> What to produce: Repeat exactly, and only, the lines of the entries below from the one with "ZF Replacement Battery for Sony XPERIA Z5" through the one with "Peças Kia Rio do ano 2017 1.2 Gasolina", both ends included.

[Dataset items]
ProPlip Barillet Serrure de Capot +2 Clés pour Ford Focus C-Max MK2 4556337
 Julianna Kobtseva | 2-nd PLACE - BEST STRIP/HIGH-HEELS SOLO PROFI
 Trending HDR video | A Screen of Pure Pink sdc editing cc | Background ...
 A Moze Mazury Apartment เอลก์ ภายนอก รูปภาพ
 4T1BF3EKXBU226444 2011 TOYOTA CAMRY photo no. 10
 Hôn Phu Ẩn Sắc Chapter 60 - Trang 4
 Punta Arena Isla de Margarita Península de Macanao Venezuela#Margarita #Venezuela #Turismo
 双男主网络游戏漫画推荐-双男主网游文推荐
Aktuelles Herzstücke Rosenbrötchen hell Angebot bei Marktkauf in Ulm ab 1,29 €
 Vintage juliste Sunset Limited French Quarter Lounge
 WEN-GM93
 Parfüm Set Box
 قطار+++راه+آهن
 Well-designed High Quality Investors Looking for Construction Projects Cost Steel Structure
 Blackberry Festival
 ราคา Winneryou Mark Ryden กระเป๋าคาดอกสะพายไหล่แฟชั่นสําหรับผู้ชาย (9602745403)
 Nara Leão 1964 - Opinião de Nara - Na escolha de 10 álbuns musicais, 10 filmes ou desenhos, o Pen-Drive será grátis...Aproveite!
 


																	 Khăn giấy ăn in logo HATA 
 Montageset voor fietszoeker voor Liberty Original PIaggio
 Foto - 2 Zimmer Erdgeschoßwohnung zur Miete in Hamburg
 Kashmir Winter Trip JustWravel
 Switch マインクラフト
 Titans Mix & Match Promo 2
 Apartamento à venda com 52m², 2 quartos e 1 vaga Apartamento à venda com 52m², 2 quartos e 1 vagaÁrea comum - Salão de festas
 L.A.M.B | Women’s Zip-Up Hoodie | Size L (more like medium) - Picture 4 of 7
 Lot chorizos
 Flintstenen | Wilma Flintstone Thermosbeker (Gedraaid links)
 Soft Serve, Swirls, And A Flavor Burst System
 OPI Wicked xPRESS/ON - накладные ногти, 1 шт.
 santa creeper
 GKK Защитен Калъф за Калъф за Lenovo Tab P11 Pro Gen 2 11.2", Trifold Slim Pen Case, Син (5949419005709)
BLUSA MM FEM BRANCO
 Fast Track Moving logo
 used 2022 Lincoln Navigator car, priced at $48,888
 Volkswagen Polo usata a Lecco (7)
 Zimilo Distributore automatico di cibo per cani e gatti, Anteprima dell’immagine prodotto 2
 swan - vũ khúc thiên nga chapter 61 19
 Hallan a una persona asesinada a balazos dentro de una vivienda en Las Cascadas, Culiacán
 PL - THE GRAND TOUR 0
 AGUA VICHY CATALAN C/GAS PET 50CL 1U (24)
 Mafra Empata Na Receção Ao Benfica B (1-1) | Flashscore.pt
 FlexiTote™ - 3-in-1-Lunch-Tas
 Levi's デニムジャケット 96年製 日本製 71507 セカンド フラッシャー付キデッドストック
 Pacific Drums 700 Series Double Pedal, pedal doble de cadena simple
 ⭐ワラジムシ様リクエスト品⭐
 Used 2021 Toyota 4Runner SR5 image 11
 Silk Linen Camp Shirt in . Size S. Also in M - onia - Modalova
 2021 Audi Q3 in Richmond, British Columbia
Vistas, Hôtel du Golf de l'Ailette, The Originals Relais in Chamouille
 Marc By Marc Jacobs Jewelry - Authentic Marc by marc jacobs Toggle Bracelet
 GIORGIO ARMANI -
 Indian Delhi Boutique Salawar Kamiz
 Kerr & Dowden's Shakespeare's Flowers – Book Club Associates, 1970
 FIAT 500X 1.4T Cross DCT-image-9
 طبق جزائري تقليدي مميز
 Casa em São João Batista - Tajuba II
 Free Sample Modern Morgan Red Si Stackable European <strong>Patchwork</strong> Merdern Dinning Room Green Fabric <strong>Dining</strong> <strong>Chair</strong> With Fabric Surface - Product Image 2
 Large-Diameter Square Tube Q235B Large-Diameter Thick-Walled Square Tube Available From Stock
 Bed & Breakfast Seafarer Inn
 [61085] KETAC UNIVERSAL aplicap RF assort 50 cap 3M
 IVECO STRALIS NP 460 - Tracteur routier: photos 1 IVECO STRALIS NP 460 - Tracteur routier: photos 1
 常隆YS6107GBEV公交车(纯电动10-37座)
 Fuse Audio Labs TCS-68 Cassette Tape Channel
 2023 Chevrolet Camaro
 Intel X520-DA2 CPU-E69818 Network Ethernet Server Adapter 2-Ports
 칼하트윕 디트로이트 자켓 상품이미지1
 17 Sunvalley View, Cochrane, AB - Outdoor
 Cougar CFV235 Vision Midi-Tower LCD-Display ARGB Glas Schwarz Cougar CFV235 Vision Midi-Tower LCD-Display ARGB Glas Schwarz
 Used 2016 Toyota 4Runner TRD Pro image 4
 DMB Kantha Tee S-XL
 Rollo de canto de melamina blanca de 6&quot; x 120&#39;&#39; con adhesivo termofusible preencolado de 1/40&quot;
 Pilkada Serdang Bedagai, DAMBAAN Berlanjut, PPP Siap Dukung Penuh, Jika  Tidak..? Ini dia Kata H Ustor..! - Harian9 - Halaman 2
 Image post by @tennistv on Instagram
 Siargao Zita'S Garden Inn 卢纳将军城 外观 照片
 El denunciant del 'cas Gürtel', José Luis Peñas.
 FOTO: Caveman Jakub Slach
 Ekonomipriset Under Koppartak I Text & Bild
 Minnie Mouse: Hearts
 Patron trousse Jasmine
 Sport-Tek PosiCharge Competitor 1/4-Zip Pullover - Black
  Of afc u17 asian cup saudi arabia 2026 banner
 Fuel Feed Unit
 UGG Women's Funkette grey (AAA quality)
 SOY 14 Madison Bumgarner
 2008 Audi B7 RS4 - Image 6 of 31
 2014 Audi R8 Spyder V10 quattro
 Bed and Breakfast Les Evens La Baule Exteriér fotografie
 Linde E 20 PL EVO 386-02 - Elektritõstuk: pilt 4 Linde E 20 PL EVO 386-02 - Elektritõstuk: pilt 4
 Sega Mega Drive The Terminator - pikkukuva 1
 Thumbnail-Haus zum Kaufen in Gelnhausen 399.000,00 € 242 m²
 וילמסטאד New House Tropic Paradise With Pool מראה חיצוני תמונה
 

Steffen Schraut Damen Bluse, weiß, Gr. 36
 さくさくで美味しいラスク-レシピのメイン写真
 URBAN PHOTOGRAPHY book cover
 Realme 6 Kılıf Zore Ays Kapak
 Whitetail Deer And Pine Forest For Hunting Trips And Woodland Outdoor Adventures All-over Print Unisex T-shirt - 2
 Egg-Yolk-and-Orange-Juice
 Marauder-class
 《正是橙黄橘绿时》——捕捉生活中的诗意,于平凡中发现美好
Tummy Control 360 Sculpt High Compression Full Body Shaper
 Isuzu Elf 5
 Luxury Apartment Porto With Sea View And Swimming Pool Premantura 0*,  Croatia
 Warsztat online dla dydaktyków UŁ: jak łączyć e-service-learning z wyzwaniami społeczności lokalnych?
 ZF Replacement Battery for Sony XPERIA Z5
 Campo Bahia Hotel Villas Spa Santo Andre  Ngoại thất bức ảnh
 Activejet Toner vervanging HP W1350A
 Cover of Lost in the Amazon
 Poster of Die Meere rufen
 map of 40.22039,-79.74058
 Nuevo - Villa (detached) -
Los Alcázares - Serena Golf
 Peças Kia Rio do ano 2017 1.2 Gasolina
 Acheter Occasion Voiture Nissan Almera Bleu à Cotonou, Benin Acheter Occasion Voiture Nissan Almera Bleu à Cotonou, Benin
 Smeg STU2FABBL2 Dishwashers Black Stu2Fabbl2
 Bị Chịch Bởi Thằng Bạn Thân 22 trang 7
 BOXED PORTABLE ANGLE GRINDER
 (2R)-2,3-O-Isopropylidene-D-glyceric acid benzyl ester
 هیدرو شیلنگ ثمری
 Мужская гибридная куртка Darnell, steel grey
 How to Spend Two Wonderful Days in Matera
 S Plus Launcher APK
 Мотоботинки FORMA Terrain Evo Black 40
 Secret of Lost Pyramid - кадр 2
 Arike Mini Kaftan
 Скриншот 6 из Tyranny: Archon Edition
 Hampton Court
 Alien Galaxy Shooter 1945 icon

> Exercise solution:
 ZF Replacement Battery for Sony XPERIA Z5
 Campo Bahia Hotel Villas Spa Santo Andre  Ngoại thất bức ảnh
 Activejet Toner vervanging HP W1350A
 Cover of Lost in the Amazon
 Poster of Die Meere rufen
 map of 40.22039,-79.74058
 Nuevo - Villa (detached) -
Los Alcázares - Serena Golf
 Peças Kia Rio do ano 2017 1.2 Gasolina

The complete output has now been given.